» RECORD SET:
+-------+

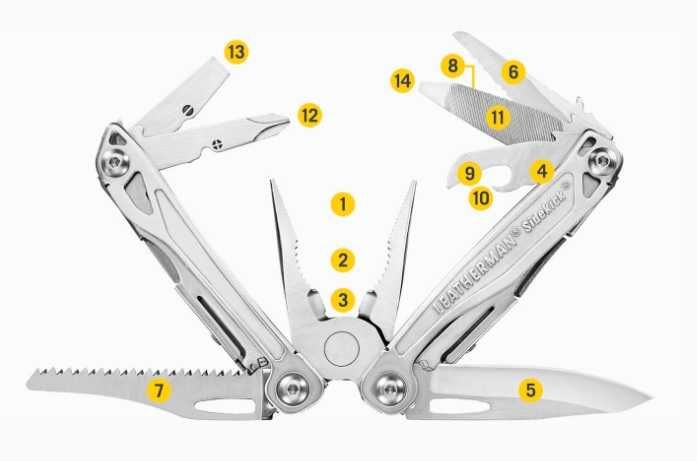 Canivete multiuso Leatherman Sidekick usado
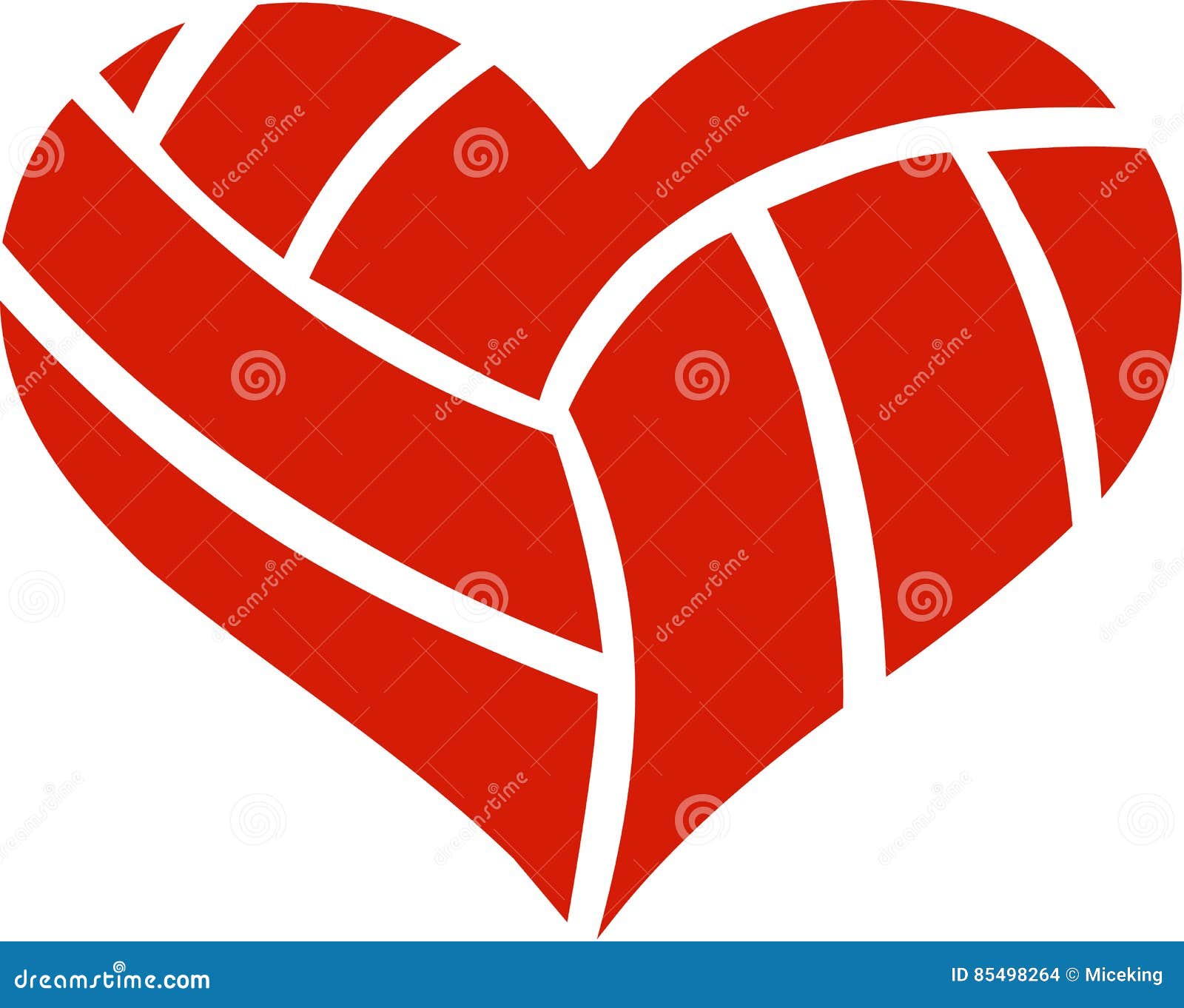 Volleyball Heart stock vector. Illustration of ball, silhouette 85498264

+-------+

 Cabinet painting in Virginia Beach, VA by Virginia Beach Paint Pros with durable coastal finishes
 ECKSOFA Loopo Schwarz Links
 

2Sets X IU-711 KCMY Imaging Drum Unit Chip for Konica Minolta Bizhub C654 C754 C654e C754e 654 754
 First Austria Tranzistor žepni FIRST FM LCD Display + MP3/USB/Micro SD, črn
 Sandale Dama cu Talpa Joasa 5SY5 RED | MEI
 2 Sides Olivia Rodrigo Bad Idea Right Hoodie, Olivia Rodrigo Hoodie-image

+-------+

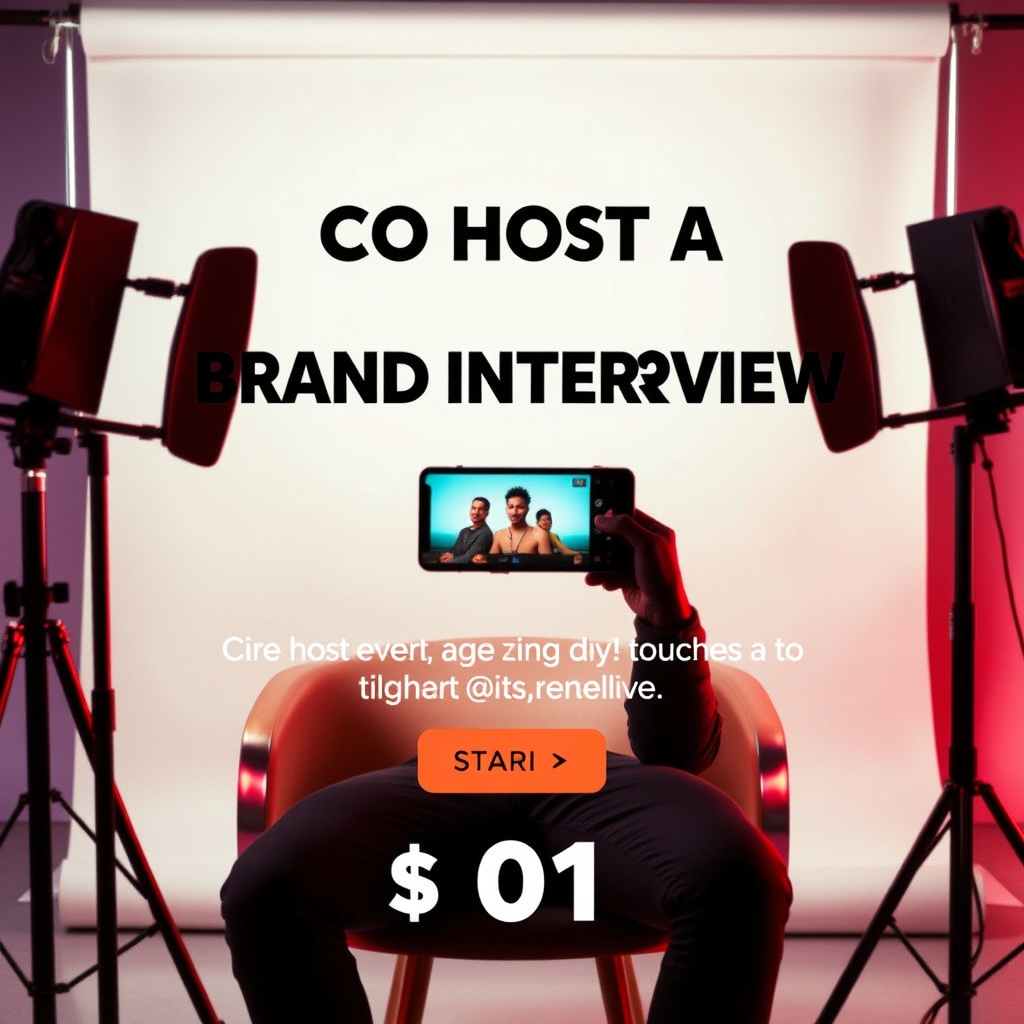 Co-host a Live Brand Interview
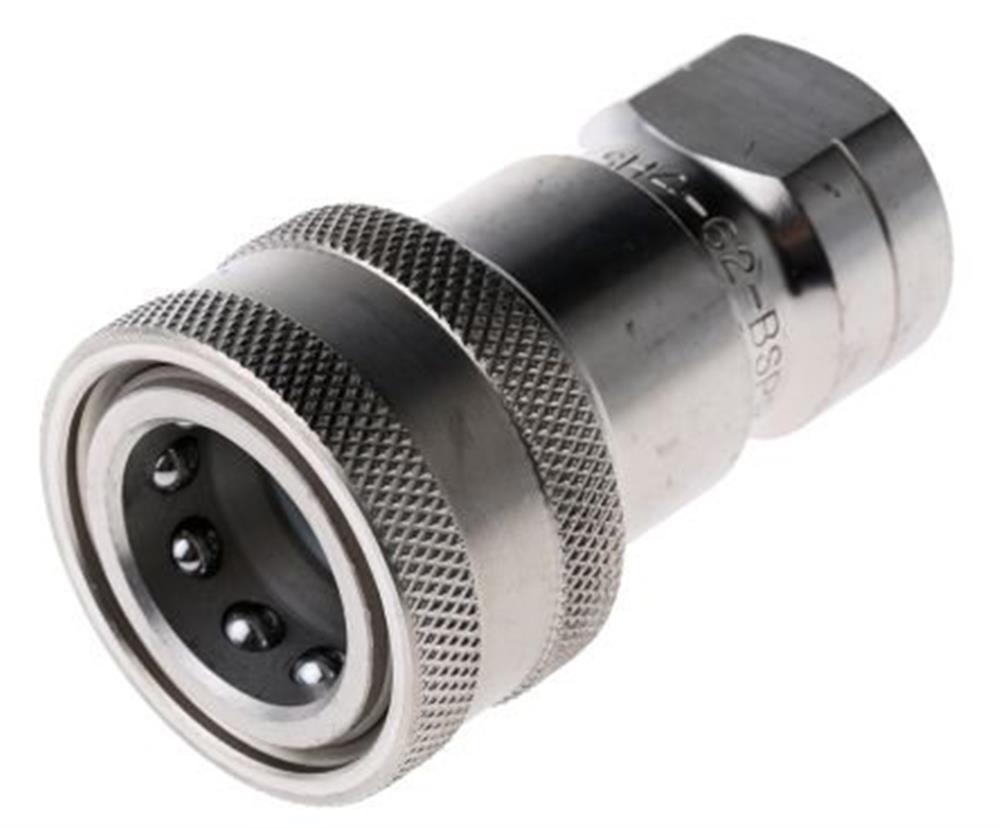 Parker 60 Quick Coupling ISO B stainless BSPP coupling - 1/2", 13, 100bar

+-------+

» PROBLEM TO SOLVE: Above are the lines; repeat exactly the ones from the line containing "Sandale Dama cu Talpa Joasa 5SY5 RED | MEI" down to the line containing "2 Sides Olivia", both inclusive.

» ANSWER BELOW:
 Sandale Dama cu Talpa Joasa 5SY5 RED | MEI
 2 Sides Olivia Rodrigo Bad Idea Right Hoodie, Olivia Rodrigo Hoodie-image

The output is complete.